Considering normal males, a major confound (though still awaiting research) is behaviour by males which though included as IPV actually is merely the attempt to restrain IPV by the female partner; that is, male behaviour which is not retaliation but likely to be misconstrued as such (if not deliberately misrepresented as unilateral violence).

Of what would then remain of male-perpetrated IPV, conceivably all may be collateral from the very high level of male intra-sexual violence (so very much greater than female-female violence): by displacement rather than directed and intentional (and presumably mainly alcohol-related).

This is not to say that this is not male-perpetrated IPV, but that it is de facto rather than as a result of a specifically IPV aetiology.

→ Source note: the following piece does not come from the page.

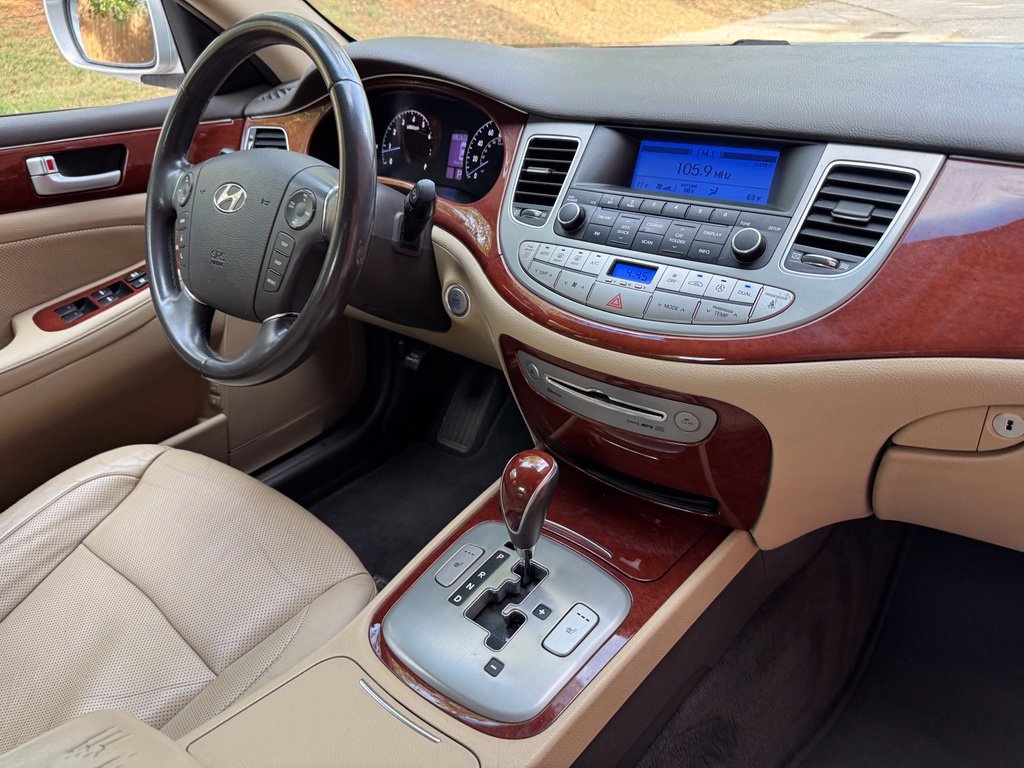 Used 2012 Hyundai Genesis 3.8 RWD image 28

IPV conceived of as essentially a female-perpetrated phenomenon is supported by several compelling converging new lines of evidence, making this a cogent conceptualisation worthy of advancing as a hypothesis.

These are:

(1) the discovery of a completely different pattern of perpetrating violence in a couple context by women, revealing a female-specific implicit motivational basis;

(2) neurophysiological research uncovering a likely cross-species evolutionarily high-conserved male-specific bespoke neural pathway producing profound self-inhibition in aggression in response to close physical interaction with a female;

(3) striking data about the effect of oxytocin to greatly increase violent behaviour by women in a couple context compared to men;

(4) new findings reinforcing old that ‘control’ in couples is not sex-symmetric but mainly by the female partner; and

(5) a strongly inferred entrenched absence of risk to females of male aggression back into the evolutionary past from consideration of the content of women’s delusionary ideation.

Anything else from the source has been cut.